Validating a dbt migration requires proving the new system produces the same results as the old one. The recommended approach is parallel execution — running both systems against the same source data — with three levels of comparison per model. The goal is identical outputs, provably.
Parallel Execution Setup
Keep your existing system (Dataform, legacy dbt project, or whatever you’re migrating from) running while building out the replacement. Configure the new dbt project to write to a separate dataset so both systems produce outputs from the same source data:
models: my_project: +schema: dbt_migration_validationThis creates a mirror of your production outputs in a validation dataset. Both systems read the same sources. Both produce the same models. The only difference should be the dataset name.
Run both systems on the same schedule for at least two weeks. One week catches most issues. Two weeks catches edge cases around weekly patterns, month boundaries, and weekend data that behaves differently from weekday data.
Comparison Queries
For each migrated model, run three levels of validation.
Level 1: Row Counts
The most basic check.
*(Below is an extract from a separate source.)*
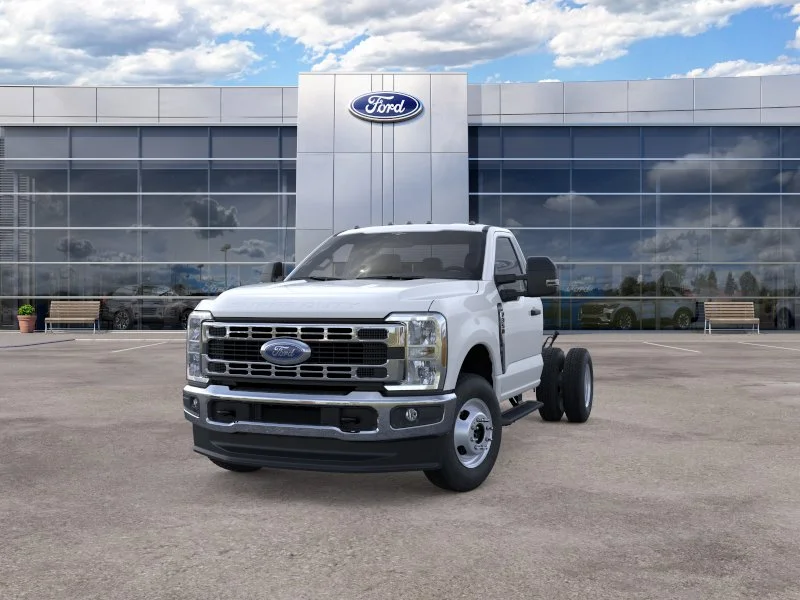 New 2026 Oxford White Ford F-350® XL image 25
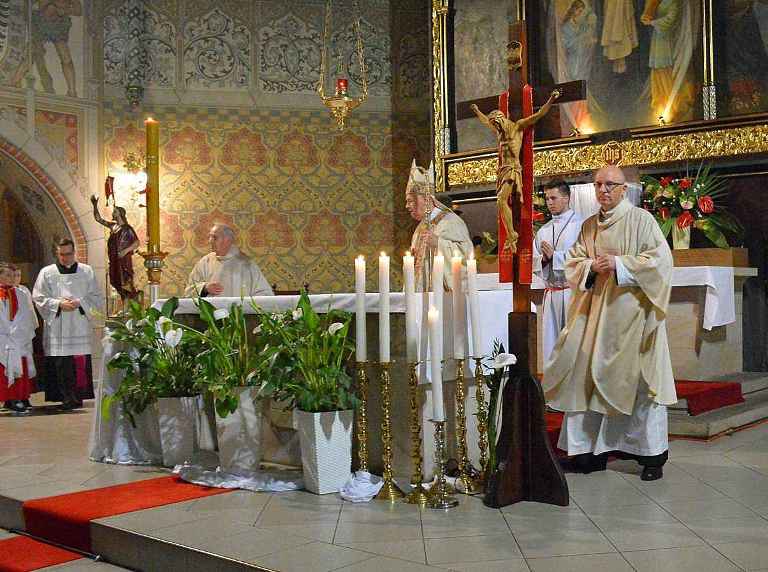 bispo diocesano aprovou o milagre eucaristico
If row counts differ, something is fundamentally wrong.
SELECT 'old_system' AS source, COUNT(*) AS row_countFROM old_dataset.model_nameUNION ALLSELECT 'new_dbt' AS source, COUNT(*) AS row_countFROM dbt_migration_validation.model_name;Row count mismatches usually trace back to:
- Different deduplication logic (especially in incremental models)
- Filter conditions that translated incorrectly
- Source declarations pointing to slightly different tables
- Timezone handling differences that shift records across date boundaries
Level 2: Aggregate Metrics
Row counts match, but do the numbers add up? Compare key business metrics:
SELECT ABS(old.total_revenue - new.total_revenue) AS revenue_diff, ABS(old.order_count - new.order_count) AS order_diff, ABS(old.avg_order_value - new.avg_order_value) AS aov_diffFROM ( SELECT SUM(revenue) AS total_revenue, COUNT(*) AS order_count, AVG(revenue) AS avg_order_value FROM old_dataset.orders) oldCROSS JOIN ( SELECT SUM(revenue) AS total_revenue, COUNT(*) AS order_count, AVG(revenue) AS avg_order_value FROM dbt_migration_validation.orders) new;Aggregate differences without row count differences point to:
- Numeric precision changes (especially relevant when converting JavaScript arithmetic to Jinja)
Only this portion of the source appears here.